Par ailleurs il parait utile de rappeler que préalablement à cette période, ces mêmes intellectuels togolais ont formulé une série de propositions concrètes, sérieuses et argumentées, adressées à l’ensemble de la classe politique ainsi qu’à de nombreux mouvements de la société civile du Togo, aux fins de proposer l’élaboration en commun d’un Programme pour l’avenir du Togo. Il est rappelé une liste non exhaustive des publications les plus marquantes :

  • Lettre ouverte de personnalités et amis du Togo pour l’avenir du Togo (5 juin 2018)
  • Togo en 2018 : continuer pacifiquement les marches et la Conscientisation collective (30 décembre 2017)
  • Togo : vers l’intégration des structures de l’alternance Le Peuple togolais est « fatigué d’attendre » ! (8 décembre 2017)
  • Balayer ce qui est illégitime au Togo n’est pas illégal : La Diaspora togolaise indépendante et plurielle doit être représentée (19 novembre 2017)
  • Face à la gouvernance des sécurocrates togolais : L’incontournable transition démocratique (25 octobre 2017)
  • Les modalités pratiques d’une démission pacifique de Faure Gnassingbé : Sinon, optons pour un fédéralisme panafricain au Togo ! (5 octobre 2017)
  • La constitution de 1992 demande la démission de Faure Gnassingbé : Raison invoquée : vice de procédure et non-respect du parallélisme de forme en droit togolais (11 septembre 2017)
  • La diaspora togolaise indépendante : comment organiser un Nouveau rapport de force ? (13 mai 2017)
  • Fenêtre sur l’Afrique du samedi 13 mai 2017 (13 mai 2017)
  • Fenêtre sur l’Afrique du samedi 06 mai 2017 (10 mai 2017)
  • Journées Togolaises de la Diaspora : déclaration du consensus de Chicago (30 avril 2017)
  • Consensus de Chicago : Table 4 : Réconciliation : une question centrale au Togo (29 avril 2017)
  • Consensus de Chicago : Table 3 : Démocratie : un impératif de modernité (28 avril 2017)
  • Consensus de Chicago : Table 2 : Le Togo en général : Histoire, Enjeux et Défis (28 avril 2017)
  • Consensus de Chicago : Table 1 : Diaspora togolaise : Responsabilités et Rôles nouveaux (28 avril 2017)
  • Consensus de Chicago 27-28 & 29 Avril 2017 : Journal de bord et programme (27 avril 2017)
  • Journal de bord du Consensus de Chicago de la Diaspora togolaise (9 avril 2017)
  • Une Diaspora non Spectatrice (23 mars 2017)
  • Consensus de Chicago : Journées Togolaise de la Diaspora (21 mars 2017)
  • Consensus de Chicago (13 février 2017) [4]

Mouvement Forces Vives Espérance pour le Togo -Appel à l'abstention aux élections du 20 décembre 2018 Mouvement Forces Vives Espérance pour le Togo -Appel à l'abstention aux élections du 20 décembre 2018

POUR QUOI FAIRE !

Chacun peut ainsi mesurer le travail de réflexion, d’analyse, et de proposition accompli par certains intellectuels togolais, notamment ceux de RCDTI et CVU, mouvements indépendants au sein de la diaspora togolaise. Ces analyses et propositions ne se revendiquent pas d’un absolutisme indépassable. Elles sont au contraire susceptibles de débat, voire de controverse, d’enrichissement, mais elles ont le mérite d’exister et de poser les critères de la lutte politique de manière cohérente.

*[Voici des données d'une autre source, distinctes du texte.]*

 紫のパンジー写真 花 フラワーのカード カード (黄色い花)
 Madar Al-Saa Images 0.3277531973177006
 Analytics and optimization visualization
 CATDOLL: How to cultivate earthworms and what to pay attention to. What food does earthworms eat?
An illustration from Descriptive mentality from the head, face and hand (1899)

Si ces intellectuels ne sont pas les seules voix à s’exprimer, le travail qu’ils ont accompli depuis l’élection présidentielle 2010 est consistant et digne de respect. Il présente surtout l’avantage de permettre dans une période où sont prégnants l’incertitude et les tâtonnements, la structuration rapide d’une alliance populaire, allant au-delà de la seule sphère politique et incluant largement un grand nombre d’acteurs, très actifs au sein de la société civile.

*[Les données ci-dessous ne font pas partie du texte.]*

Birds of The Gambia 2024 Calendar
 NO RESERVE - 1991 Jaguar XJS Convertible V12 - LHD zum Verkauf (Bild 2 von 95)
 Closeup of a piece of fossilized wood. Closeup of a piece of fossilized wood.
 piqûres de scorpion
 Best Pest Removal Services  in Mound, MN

Le problème est que ces intellectuels togolais sont membres de la diaspora et à ce titre, semblent faire l’objet d’un certain ostracisme, souvent non dissimulé.  Non seulement de la part de Faure Gnassingbé et du pouvoir UNIR/RPT, qui ont systématiquement exclu la diaspora de la nation togolaise, mais également de la part de certains partis politiques de l’opposition ou de mouvements de la société civile.

Il est rappelé à Mme Maryse Quashie que les mouvements indépendants de la diaspora togolaise, RCDTI et CVU-Togo-Diaspora, ont signé dès sa parution, le Manifeste des Forces Vives du Mouvement Espérance pour le Togo.

Avec humilité, il est suggéré à Mme Maryse Quashie, de prendre rapidement contact avec les intellectuels membres de RCDTI et CVU-Togo-Diaspora, qui sont immédiatement disponibles pour continuer à effectuer leur part de travail, dans ce marathon démocratique qu’ils ont pour leur part intégré depuis le mois d’avril 2010.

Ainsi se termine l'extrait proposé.